• Data under study:
>>>>>

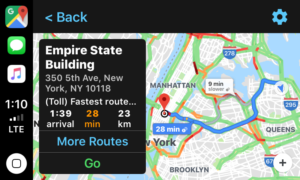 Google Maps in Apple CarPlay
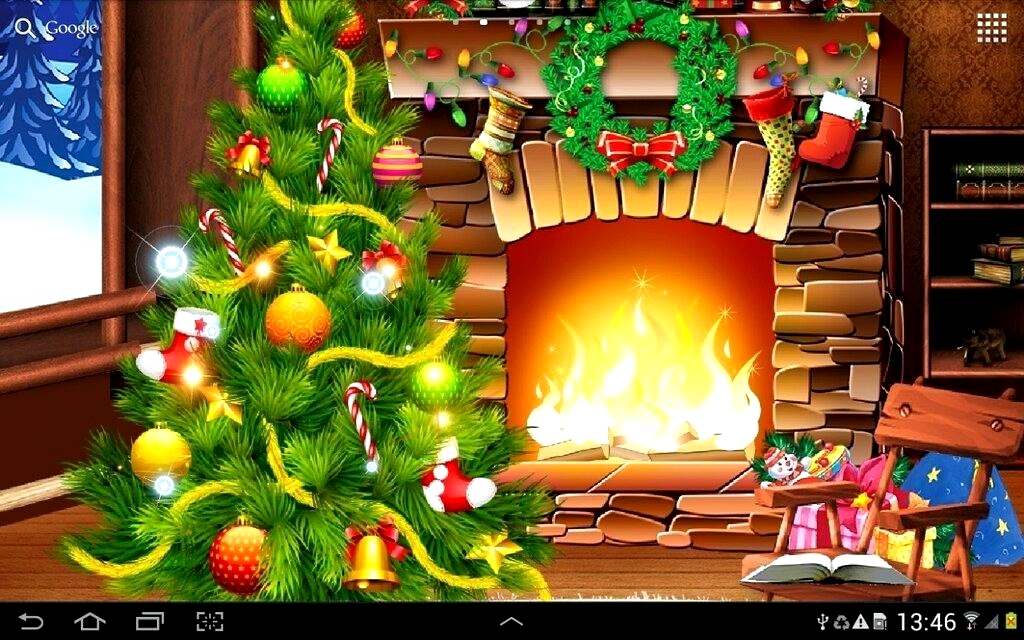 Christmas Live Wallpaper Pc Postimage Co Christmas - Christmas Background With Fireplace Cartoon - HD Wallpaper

<<<<<
>>>>>

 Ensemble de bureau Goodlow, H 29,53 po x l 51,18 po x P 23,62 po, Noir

<<<<<
>>>>>

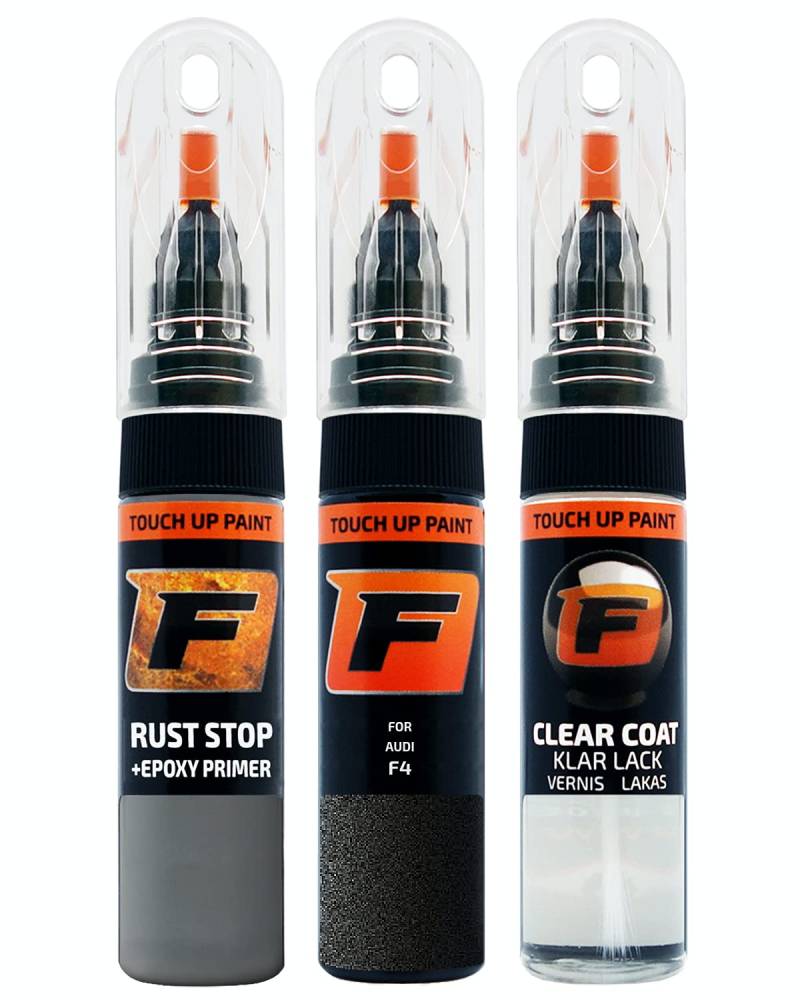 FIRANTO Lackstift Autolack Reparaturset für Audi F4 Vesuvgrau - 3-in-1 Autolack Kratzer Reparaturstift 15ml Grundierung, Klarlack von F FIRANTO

<<<<<

• What is needed: Using the data above, copy exactly the lines from the one containing "Google Maps in Apple CarPlay" to the one containing "Christmas Live Wallpaper", inclusive. Exclude the pictures.

• Answer to the exercise:
 Google Maps in Apple CarPlay
 Christmas Live Wallpaper Pc Postimage Co Christmas - Christmas Background With Fireplace Cartoon - HD Wallpaper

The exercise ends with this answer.